Mistake 2. Only fixing links on the home page. Internal redirects hide on blog posts, product pages, and help articles. Check links across your entire site, not just the main navigation.

Mistake 3. Fixing the link but using a URL that also redirects. Make sure the URL you are updating to is the final destination, not another link in a redirect chain. Test the new URL with curl -sI to confirm it returns a 200.

How to verify the fix

After updating your links, run another SiteCurl scan. The internal redirect count should drop. SiteCurl checks up to 20 links per page, so the results give a representative sample of your internal link health.

For a manual check on a specific link, run curl -sI https://yoursite.com/page and look at the HTTP status code. A 200 means the link loads directly. A 301 or 302 means it still redirects. Update the link to use whatever URL returns a 200.

The bottom line

Internal redirects are fixable overhead. Find the links that redirect, update them to point to the final URL, and keep the server redirects as a fallback for external traffic. This speeds up your site for visitors and lets search engines spend their crawl budget on real content.

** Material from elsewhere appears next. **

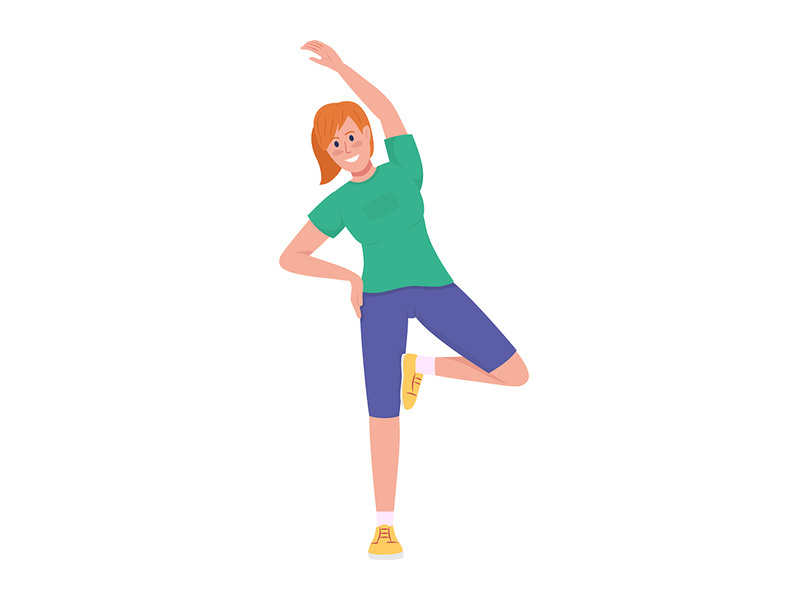Happy girl stretching semi flat color vector character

Example findings from a scan

No internal links redirect. Visitors reach each page directly.

3 internal links redirect instead of loading directly.

/about-us -> /about (301)

Frequently asked questions

What is an internal redirect?

An internal redirect happens when a link on your site points to a URL on your own domain that redirects to a different URL. The link works, but the visitor goes through an extra redirect on the way to the final page.

Are internal redirects bad for SEO?

They waste crawl budget. Each redirect uses a request that could have been spent indexing a real page. A few internal redirects are not a crisis, but dozens of them reduce how efficiently search engines crawl your site.

How many internal links does SiteCurl check?

Up to 20 internal links per page, with a 3-second timeout for each link check and a 4-second total time budget. This gives a representative sample of your internal link health without slowing down the scan.

Can I check for internal redirects without signing up?

Yes. The free audit checks internal links on your home page as part of a full seven-category scan. No signup needed. Results in under 60 seconds.

Should I remove the server redirect after fixing internal links?

No. Keep the server redirect in place. External sites, bookmarks, and search engine indexes may still reference the old URL. The redirect is the fallback for traffic you do not control. Only the internal links in your HTML should be updated.

How do internal redirects build up?

They accumulate during URL changes, redesigns, and CMS migrations. Someone changes a URL and sets up a server redirect, but the internal links in navigation, footers, and content still point to the old URL. Over time, each URL change adds more redirecting links.